She later became the chief of the institute's seismology department, having taught herself much of the field's core knowledge and obtaining a second graduate degree in the field to match her first in mathematics.
Her eventual discovery of the true nature of Earth's core arose from deep study of an early 20th century problem that befuddled seismologists worldwide. In 1914, German-American seismologist Beno Gutenberg discovered that the Earth contained a semi-liquid core 1,400 miles beneath the crust by studying the different types of seismic waves -- acting like x-rays displaying deeper layers of the planet -- that propagated through Earth during earthquakes.
Yet the theory contained holes, which scientists at the time mostly attributed to faulty equipment, that could not explain certain types of waves arriving at certain end points of Earth that should not have been possible with only a semi-liquid core.

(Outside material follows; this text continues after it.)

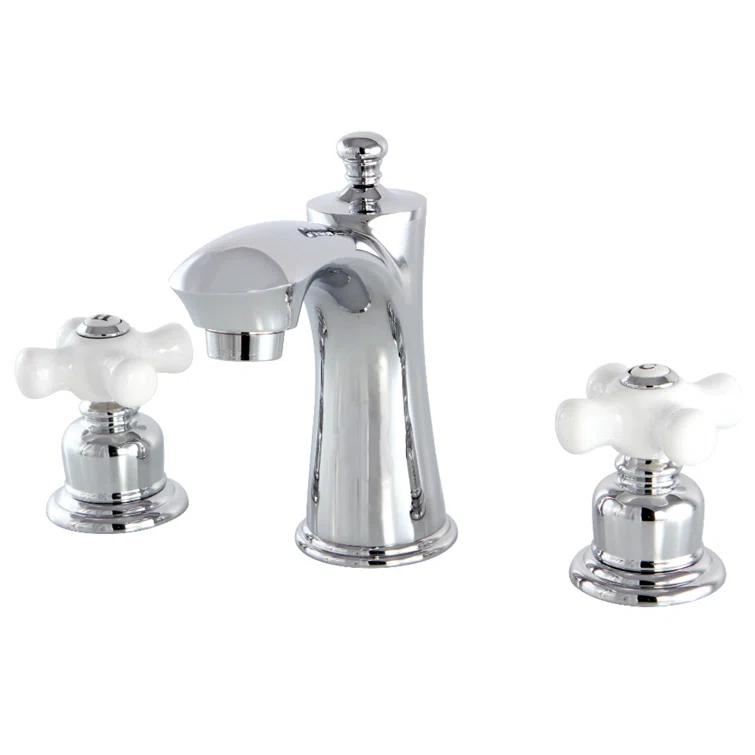 Kingston Brass Victorian Two-Handle 3-Hole Deck Mount Widespread Bathroom Faucet with Retail Pop-Up Drain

Lehmann, who often sat in her garden with seismometer data written on cardboard ripped from boxes of oatmeal, posited that within the Earth's semi-liquid core was an inner core made of solid material, explaining the earthquake data. In a 1936 paper titled "P" -- after the name of the type of seismic waves confounding scientists -- Lehmann laid out her analysis, which fellow seismologists quickly adopted as the correct interpretation over the next few years.
Lehmann continued her work late into her 70s, pioneering new understandings about the upper mantle of the Earth. She went on to receive numerous awards, including the 1971 William Bowie Medal, the highest honor in the field of geophysics for which Lehmann was the first female recipient.
Lehmann passed away in 1993 at the age of 104 but is remembered both by the medal that bears her name given out by the American Geophysical Union and the asteroid 5632 Ingelehmann named in her honor.